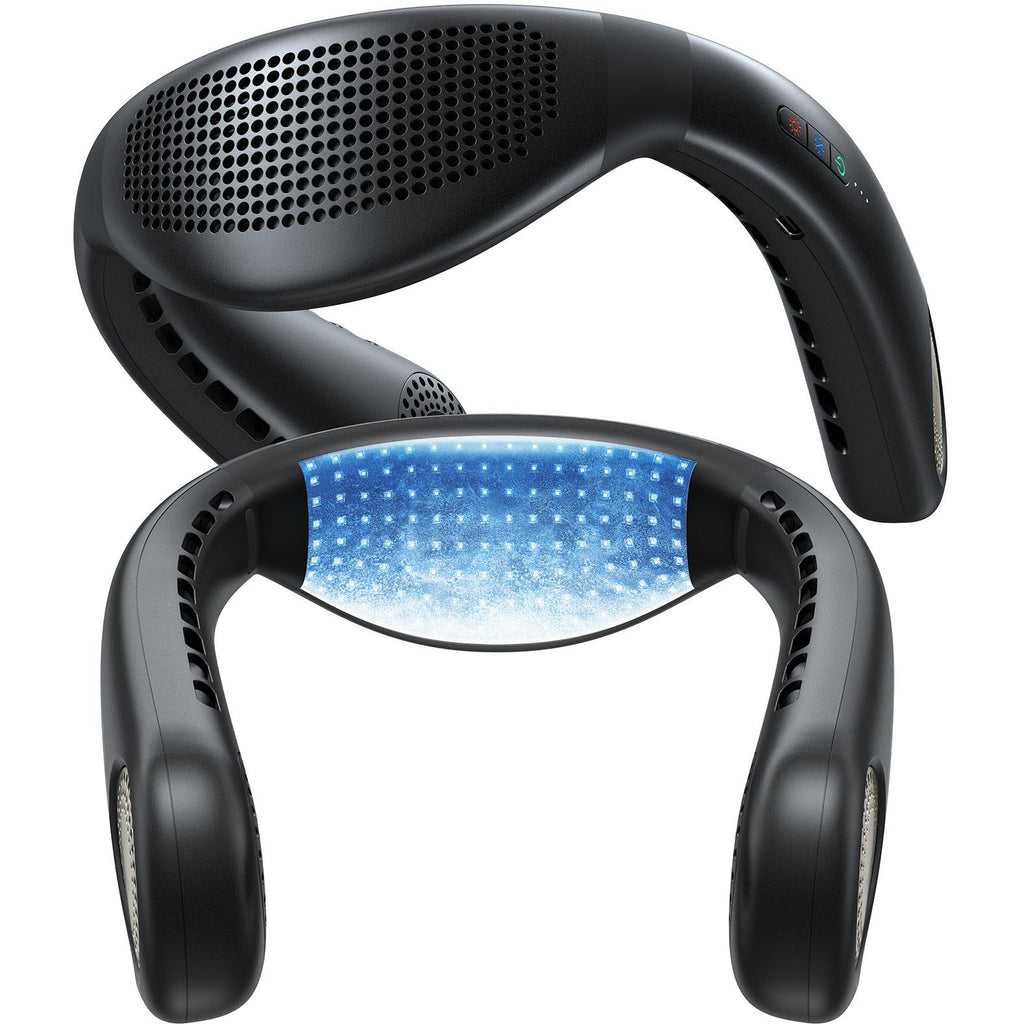 Torras COOLiFY Air Wearable Air Conditioner (Midnight Black) - JB
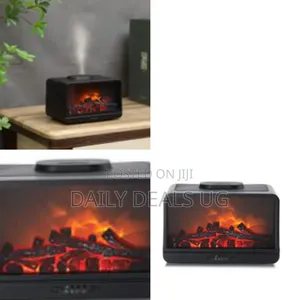 Tabletop Electric Fireplace Aromatherapy Diffuser
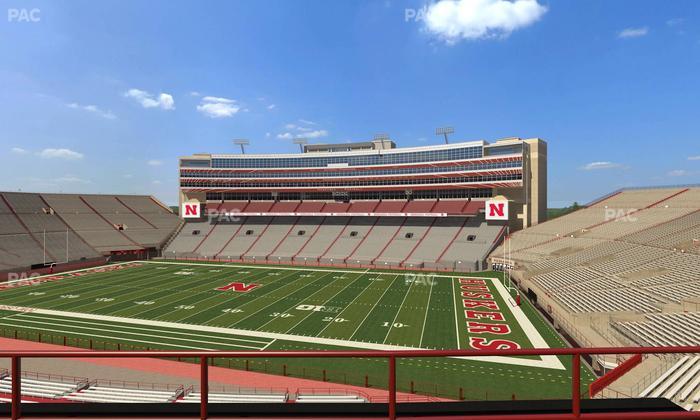 Memorial Stadium Nebraska - Section 202 Seat View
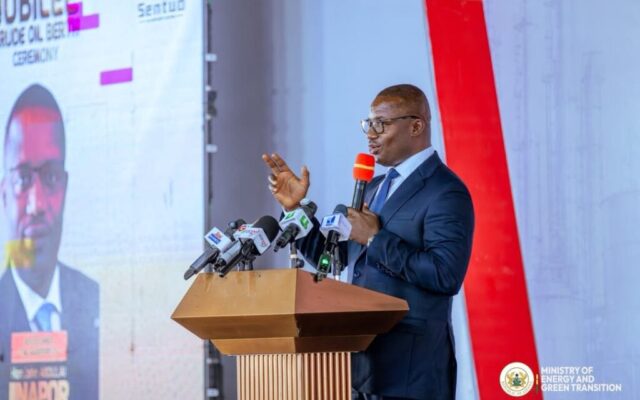 John Jinapor outlines renewable energy, nuclear power priorities for 2027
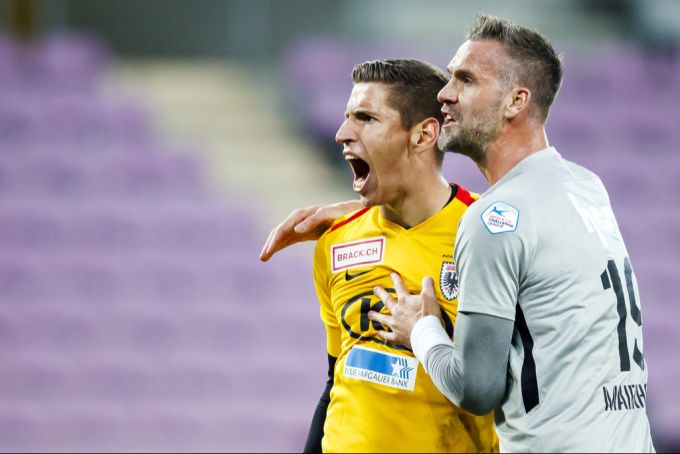 Stefan Maierhofer spielte während rund anderthalb Jahren für den FC Aarau in der Challenge League. FC Aarau
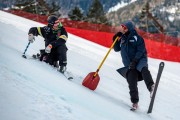 FIS Baltijas kauss 2024 2. posms, FIS Latvijas čempionāts SL, Foto: E.Lukšo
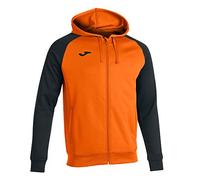 Joma Academy Iv Full Zip Sweatshirt Orange L Men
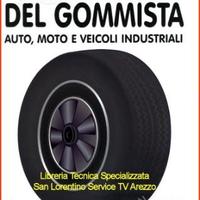 MANUALE DEL GOMMISTA PNEUMATICI AUTO MOTO ecc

▶ Exercise details: Taking the entries above, extract every line from the one bearing "Tabletop Electric Fireplace" through the one bearing "Stefan Maierhofer spielte", exactly, with no pictures.

▶ Answer box:
 Tabletop Electric Fireplace Aromatherapy Diffuser
 Memorial Stadium Nebraska - Section 202 Seat View
 John Jinapor outlines renewable energy, nuclear power priorities for 2027
 Stefan Maierhofer spielte während rund anderthalb Jahren für den FC Aarau in der Challenge League. FC Aarau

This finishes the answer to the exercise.